↓

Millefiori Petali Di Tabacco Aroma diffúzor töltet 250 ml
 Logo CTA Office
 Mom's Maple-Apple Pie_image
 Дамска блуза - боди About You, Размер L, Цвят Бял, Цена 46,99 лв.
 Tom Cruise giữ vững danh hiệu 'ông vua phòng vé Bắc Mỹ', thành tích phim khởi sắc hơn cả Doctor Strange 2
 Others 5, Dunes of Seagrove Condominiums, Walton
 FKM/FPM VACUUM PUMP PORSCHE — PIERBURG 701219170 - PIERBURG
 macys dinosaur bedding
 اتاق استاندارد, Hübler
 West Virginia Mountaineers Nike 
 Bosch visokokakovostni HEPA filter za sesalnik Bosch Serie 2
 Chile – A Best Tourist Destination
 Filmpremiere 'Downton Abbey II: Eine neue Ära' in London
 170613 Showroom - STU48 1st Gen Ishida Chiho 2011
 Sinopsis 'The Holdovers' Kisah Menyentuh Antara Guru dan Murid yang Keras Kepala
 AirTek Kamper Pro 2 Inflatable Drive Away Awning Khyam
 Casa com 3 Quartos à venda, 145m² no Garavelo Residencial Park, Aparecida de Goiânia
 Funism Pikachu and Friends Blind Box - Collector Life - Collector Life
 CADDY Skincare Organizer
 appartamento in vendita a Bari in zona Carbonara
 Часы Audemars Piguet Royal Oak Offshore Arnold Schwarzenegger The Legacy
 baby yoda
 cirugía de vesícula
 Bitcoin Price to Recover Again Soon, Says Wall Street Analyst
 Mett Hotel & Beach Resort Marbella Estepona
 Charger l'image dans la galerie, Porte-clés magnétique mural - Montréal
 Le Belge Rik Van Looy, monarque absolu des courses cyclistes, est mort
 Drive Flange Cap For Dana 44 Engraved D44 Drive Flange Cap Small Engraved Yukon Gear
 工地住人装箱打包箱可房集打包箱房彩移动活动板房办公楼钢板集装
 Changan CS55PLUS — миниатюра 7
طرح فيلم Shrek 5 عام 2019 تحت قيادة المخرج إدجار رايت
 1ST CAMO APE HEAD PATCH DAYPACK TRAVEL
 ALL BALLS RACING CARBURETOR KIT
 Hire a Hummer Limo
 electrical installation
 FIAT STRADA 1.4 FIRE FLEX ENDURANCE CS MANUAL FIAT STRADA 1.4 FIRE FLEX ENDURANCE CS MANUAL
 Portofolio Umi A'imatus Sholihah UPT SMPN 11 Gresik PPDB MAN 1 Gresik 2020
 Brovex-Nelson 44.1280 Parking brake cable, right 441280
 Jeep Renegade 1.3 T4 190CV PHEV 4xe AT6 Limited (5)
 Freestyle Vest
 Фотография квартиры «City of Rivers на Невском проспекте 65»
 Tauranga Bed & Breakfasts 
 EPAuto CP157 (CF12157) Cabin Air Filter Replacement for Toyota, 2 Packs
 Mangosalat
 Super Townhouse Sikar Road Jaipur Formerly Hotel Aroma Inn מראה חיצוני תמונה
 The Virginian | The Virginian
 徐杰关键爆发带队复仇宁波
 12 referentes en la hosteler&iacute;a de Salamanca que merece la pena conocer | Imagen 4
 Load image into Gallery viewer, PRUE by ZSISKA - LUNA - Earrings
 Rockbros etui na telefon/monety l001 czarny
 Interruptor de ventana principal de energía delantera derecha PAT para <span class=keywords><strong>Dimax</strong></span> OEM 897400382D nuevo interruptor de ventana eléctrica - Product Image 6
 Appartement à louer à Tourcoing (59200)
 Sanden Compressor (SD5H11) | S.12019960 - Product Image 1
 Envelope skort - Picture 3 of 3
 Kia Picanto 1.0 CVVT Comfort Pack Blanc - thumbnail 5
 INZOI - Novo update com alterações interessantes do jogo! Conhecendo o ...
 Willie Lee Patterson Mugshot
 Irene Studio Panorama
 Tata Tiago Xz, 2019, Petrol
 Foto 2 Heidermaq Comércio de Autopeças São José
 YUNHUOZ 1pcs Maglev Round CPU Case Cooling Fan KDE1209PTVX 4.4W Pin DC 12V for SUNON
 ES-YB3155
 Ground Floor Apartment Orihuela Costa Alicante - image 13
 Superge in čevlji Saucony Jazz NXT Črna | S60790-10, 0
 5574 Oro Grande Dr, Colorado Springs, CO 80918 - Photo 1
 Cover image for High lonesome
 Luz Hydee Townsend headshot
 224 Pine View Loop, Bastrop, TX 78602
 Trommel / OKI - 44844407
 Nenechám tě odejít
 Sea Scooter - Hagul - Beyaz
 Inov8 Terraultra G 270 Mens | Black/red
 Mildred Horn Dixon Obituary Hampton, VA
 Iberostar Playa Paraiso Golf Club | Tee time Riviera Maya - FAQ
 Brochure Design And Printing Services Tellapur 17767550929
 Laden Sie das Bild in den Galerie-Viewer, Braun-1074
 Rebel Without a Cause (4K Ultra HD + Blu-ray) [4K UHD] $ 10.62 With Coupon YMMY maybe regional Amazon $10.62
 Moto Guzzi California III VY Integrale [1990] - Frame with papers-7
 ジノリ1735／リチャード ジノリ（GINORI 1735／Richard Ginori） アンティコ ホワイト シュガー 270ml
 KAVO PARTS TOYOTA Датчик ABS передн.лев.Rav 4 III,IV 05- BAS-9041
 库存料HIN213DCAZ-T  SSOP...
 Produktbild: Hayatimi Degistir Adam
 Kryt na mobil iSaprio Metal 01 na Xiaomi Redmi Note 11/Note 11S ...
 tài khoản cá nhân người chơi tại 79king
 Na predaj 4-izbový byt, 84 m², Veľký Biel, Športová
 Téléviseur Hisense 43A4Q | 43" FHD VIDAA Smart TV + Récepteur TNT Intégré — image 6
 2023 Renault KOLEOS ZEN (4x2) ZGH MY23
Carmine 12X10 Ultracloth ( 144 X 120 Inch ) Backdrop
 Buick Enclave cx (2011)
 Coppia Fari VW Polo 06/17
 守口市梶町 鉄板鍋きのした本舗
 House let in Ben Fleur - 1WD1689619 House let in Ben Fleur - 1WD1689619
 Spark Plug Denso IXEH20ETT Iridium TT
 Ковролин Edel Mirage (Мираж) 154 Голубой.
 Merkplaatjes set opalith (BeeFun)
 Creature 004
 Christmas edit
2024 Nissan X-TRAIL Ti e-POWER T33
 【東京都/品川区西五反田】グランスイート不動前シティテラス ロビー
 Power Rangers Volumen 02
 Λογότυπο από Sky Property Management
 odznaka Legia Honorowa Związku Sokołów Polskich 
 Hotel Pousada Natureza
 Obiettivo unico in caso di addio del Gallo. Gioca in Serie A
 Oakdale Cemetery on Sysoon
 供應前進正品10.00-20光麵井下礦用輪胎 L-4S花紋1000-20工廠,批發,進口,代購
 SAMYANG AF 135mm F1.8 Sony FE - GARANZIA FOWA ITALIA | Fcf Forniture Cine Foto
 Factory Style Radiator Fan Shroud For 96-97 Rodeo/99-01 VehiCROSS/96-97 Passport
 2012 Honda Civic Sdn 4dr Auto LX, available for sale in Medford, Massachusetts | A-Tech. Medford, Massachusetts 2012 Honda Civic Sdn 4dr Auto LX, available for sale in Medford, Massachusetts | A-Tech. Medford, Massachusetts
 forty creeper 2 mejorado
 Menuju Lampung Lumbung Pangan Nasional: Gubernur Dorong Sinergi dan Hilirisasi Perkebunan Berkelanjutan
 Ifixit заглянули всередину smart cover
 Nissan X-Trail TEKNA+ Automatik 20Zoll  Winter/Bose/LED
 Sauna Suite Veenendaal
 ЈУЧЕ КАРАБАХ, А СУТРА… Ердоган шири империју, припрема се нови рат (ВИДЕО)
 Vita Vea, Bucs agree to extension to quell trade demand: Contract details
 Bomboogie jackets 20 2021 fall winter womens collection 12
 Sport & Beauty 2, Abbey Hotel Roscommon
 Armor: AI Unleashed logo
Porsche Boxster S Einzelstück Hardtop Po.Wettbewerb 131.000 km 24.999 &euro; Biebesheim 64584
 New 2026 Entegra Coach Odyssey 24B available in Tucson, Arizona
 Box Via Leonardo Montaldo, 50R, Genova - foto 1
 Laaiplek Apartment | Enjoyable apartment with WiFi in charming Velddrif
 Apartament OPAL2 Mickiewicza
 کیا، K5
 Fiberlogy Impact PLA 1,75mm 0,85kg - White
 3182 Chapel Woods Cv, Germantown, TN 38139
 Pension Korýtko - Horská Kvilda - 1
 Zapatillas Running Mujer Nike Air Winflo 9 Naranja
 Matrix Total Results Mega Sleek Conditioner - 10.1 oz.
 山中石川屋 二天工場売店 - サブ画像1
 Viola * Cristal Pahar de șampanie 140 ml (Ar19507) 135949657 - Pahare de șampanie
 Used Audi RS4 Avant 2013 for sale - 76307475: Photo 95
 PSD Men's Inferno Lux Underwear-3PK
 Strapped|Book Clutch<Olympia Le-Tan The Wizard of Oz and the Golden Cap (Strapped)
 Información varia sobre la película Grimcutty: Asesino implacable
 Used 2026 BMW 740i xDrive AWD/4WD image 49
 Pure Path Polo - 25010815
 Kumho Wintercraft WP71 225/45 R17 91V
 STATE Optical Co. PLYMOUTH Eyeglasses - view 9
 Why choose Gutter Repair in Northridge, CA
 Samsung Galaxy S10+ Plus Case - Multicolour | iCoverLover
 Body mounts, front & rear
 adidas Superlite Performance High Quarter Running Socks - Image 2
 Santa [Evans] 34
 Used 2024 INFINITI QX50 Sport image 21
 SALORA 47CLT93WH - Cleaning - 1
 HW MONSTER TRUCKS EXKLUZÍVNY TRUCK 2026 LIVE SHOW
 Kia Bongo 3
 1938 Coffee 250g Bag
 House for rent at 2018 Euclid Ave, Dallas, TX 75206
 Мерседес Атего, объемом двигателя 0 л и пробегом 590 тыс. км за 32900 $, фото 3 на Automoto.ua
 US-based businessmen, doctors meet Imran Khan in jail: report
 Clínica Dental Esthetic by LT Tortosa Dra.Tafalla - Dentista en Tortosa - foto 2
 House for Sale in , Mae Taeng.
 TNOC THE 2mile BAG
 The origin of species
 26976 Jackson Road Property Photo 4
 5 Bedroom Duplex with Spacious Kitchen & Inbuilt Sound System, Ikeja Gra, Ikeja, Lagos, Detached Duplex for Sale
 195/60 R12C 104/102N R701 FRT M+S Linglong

↑

## ABOUT THIS EXERCISE
Starting at the line above that holds "Body mounts, front & rear" and ending at the line that holds "US-based businessmen, doctors", transcribe each line exactly and include no other lines.

## SOLUTION TO THIS TASK
 Body mounts, front & rear
 adidas Superlite Performance High Quarter Running Socks - Image 2
 Santa [Evans] 34
 Used 2024 INFINITI QX50 Sport image 21
 SALORA 47CLT93WH - Cleaning - 1
 HW MONSTER TRUCKS EXKLUZÍVNY TRUCK 2026 LIVE SHOW
 Kia Bongo 3
 1938 Coffee 250g Bag
 House for rent at 2018 Euclid Ave, Dallas, TX 75206
 Мерседес Атего, объемом двигателя 0 л и пробегом 590 тыс. км за 32900 $, фото 3 на Automoto.ua
 US-based businessmen, doctors meet Imran Khan in jail: report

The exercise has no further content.